Ferat Emen bazı imkânsız gerçekleri-makul olmayan kimlikleri sivri ve ısıran diliyle, iştahla muhatapların yüzüne çarpıyor. Anlatılmayanı anlattığı için cesaret madalyası beklemiyor asla. Verdiği rahatsızlıktan ötürü pişman ya da üzgün değil. Mizacı böyle. Böyle olması gerektiği için böyle.
At çarpması, Naim Süleymanoğlu, bekârlığa veda partisi, kaçakçılar, Aya Leyla'nın peygamberliği ve müritleri, geyik avı şöleni… Hüsniye Hanım'ın Ağzı "Ferat Emen Hadisesi"nin ilk yumruğu.
Buraya ölmeye geldim. Geçen çarşamba ilk denememde başarıyordum az kalsın. Kendimi boğuyordum. Suda. İyi yüzerim. Bu engel oldu. İyi yüzmem, irademin önüne geçti.

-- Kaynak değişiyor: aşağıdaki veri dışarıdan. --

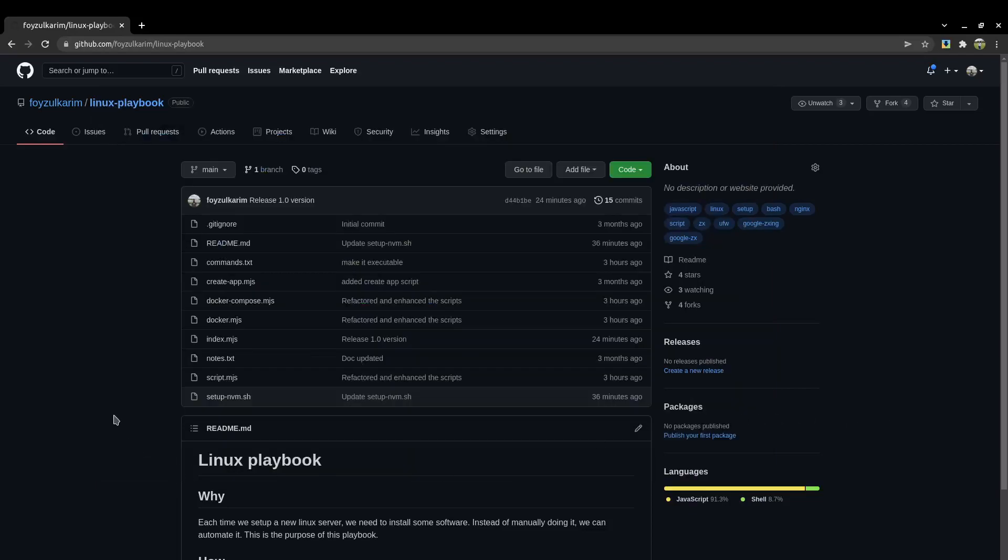Hello everyone, welcome to my channel. I'm Faisal Karim. In this video, I'm going to demonstrate the R&D I've been doing over the last couple of weeks on Linux playbook. Before jumping into the code and demo, let me tell you why I made this. I have been setting up Linux machines for various reasons and doing R&D in different Linux distros.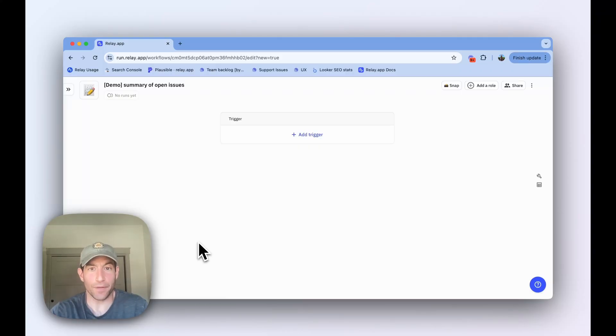So we at Relay.app use a pretty simple workflow that every day sends us a summary of all of the open, urgent issues that we still have to deal with that day. And it's a really useful workflow, and it only takes like two minutes to set up. In this video, I'll show you how to set it up for yourself, and I bet you'll find it useful for your team. So let's get started.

Uzun süredir düşünüyorum. Ölmeyi. Büyük resim şu. Boğulmayı başaramazsam, eriyeceğim. Yemeyerek. Zihnim karıncalanacak ve zafiyet geçireceğim. İç organlarımdan parçaları ağzımdan dışarı tüküreceğim. Ölüme giden adımlarımı böyle atacağımı kestiriyorum. Yoksa bu şekilde ölündüğünü bildiğimden değil. Burası bu deneme için iyi bir yer.
Canınıza kıymak isterseniz nereye gidersiniz?
Ben buraya gelirdim yine. Çünkü ölmeden önce son görmek istediğim yer bu kasaba. Rüzgâr kesilse bile, sivrisinek olmuyor.